UCT trains and places qualified teachers, particularly black and Latino men, in the classrooms, to meet these goals. Only four percent of public school teachers in New York City are black men. Research has shown that educators who share the race and gender of the students they instruct have a quantifiable positive effect on their students’ academic performance.
Springer realizes that there are significant structural obstacles to overcome, but he says he is up for the challenge.
“Education is a highly politicized field. There is no such thing as neutrality. If we’re just going with the flow, we’re actually supporting the status quo,” says Springer. “UCT has equipped me with the necessary skills to meet the task of operating within the system while also changing it for the better.”
Housed in the School of Education, UCT was created in collaboration with the Empowering, Recruiting, Investing and Supporting (ERIS) Program and the Black and Latino Male Initiative (BLMI) in 2010. UCT continues Brooklyn College’s track record of excellence in training teachers.
According to a 2013 report by the New York City Department of Education, Brooklyn College sends the highest percentage of qualified teachers into the New York City public school system—more than any other university in the state, besting both Columbia University and New York University.
With UCT, the college keeps pace with national trends. This year, the Obama administration announced “My Brother’s Keeper,” a nationwide initiative that will test the strategies designed to improve the academic performances of young men of color.
“We train the students in UCT to be aware of the cultures of the young people in their classrooms,” says Associate Professor Haroon Kharem of the Department of Childhood, Bilingual, and Special Education, who is also one of the program founders. “Our scholars are researching, discussing and understanding culturally responsive pedagogy. When they walk into a classroom, they are fully prepared to put what they’ve learned into practice.”
The faculty involved with UCT are aware of the challenges their students will face once they leave the program and enter the public school system.
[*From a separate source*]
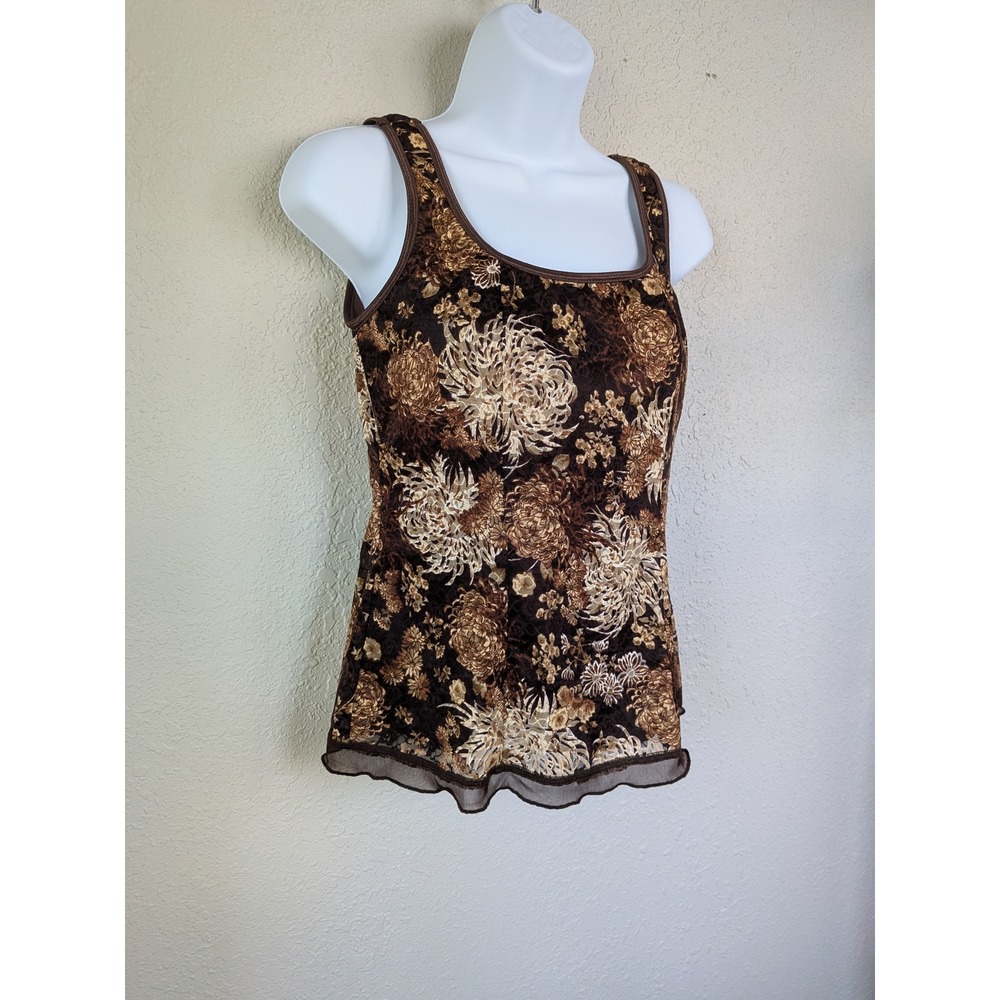 Y2K J.T.B. Floral Lace Tank Top Brown Sleeveless Casual Top Medium Earthy Mature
Teachers of color are 24 percent more likely to leave the profession than their white counterparts because of the tremendous pressure they feel to succeed given what is at stake in regard to academic performances of students of color.
“One of the things we take very seriously is mentorship,” says Childhood, Bilingual, and Special Education Adjunct Assistant Professor Trina Yearwood. “We mentor the scholars in our program and help them understand that the more they teach, the better they will be at it. We provide opportunities for them to hone the particular skills they’ll need to succeed in these situations. That is, via our own experiences with the public school system, we give them insight into the reality of what they will contend with along with the mechanisms to excel.”
While in the program, candidates receive full and partial scholarships, participate in preparatory workshops and biweekly seminars, conduct fieldwork in at-risk schools, and have access to professional conferences and other educational events. The faculty also continues to check in on the progress of its graduates while they are working as teachers. Additionally, the graduates themselves remain in touch with each other and support one another in their work.
Springer says his work as a teacher allows him to wake up each day with a renewed sense of purpose.
“What I try to remember, and what UCT instilled in me, is the idea that we teachers are more important than the pop culture icons in the lives of the kids we’re trying to educate,” he says. “What we are charged with doing, educating young people, is the most important work on Earth. And we have to believe that—for it may be the only thing that saves the world.”